Abstract

Two cellouronic acids [sodium (1 → 4)-β-polyglucuronates, CUAs] and one 2,2,6,6-tetramethylpiperidine-1-oxyl radical (TEMPO)-oxidized wood cellulose (TOC) became soluble in 8 % lithium chloride/N,N-dimethylacetamide (LiCl/DMAc) after the methylation of C6 carboxyl groups in these samples using trimethylsilyldiazomethane (TMSD). The obtained solutions were diluted to 1 % LiCl/DMAc and subjected to size-exclusion chromatography combined with multi-angle laser-light scattering (SEC-MALLS). Neither depolymerization nor side reactions took place during methylation; this was confirmed by SEC-MALLS and nuclear magnetic resonance analyses, using CUAs as models. The SEC-MALLS analysis of the original wood cellulose and the carboxyl-methylated TOC prepared from it, using 1 % LiCl/N,N-dimethyl-2-imidazolidinone and 1 % LiCl/DMAc, respectively, as eluents, showed that the weight-average degree of polymerization of the original wood cellulose decreased from 3,100 to 2,210 through TEMPO-mediated oxidation.
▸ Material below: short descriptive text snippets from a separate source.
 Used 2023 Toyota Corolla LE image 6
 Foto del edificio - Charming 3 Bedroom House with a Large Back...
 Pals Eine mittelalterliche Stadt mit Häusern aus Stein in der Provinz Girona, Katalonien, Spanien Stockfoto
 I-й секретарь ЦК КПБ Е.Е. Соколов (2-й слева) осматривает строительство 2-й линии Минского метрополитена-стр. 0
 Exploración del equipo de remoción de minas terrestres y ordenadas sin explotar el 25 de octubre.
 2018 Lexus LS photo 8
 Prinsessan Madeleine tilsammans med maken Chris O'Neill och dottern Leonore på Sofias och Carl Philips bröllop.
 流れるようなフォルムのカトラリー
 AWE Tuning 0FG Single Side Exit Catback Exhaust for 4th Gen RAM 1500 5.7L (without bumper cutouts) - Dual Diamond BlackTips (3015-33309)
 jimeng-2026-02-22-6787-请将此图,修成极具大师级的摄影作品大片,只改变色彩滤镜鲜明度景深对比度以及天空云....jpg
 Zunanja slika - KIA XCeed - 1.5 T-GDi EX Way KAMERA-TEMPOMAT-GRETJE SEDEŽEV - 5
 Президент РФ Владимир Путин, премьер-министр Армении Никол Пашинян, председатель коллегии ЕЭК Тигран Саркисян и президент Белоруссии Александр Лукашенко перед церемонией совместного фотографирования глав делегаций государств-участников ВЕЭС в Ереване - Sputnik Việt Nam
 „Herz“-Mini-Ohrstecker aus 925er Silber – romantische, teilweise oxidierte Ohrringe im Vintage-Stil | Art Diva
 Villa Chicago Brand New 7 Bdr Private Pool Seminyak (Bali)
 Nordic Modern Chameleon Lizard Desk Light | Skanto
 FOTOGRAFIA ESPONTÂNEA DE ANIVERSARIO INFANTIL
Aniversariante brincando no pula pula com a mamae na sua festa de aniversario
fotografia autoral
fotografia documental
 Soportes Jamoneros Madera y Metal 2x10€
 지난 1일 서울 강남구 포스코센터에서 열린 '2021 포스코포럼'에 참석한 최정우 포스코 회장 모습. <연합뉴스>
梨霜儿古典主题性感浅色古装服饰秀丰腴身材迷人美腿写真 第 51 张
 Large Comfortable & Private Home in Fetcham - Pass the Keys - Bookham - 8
The molecular-mass distributions of the original wood cellulose and the TOC both consisted of one large peak with a small shoulder, indicating that some of the oxidized hemicelluloses remained in the TOC. The combination of methylation of carboxyl groups in polysaccharides using TMSD and subsequent SEC-MALLS analysis using 1 % LiCl/DMAc as an eluent may be applicable not only to TOCs, but also to other polysaccharides with carboxyl groups, for evaluation of their molecular-mass parameters.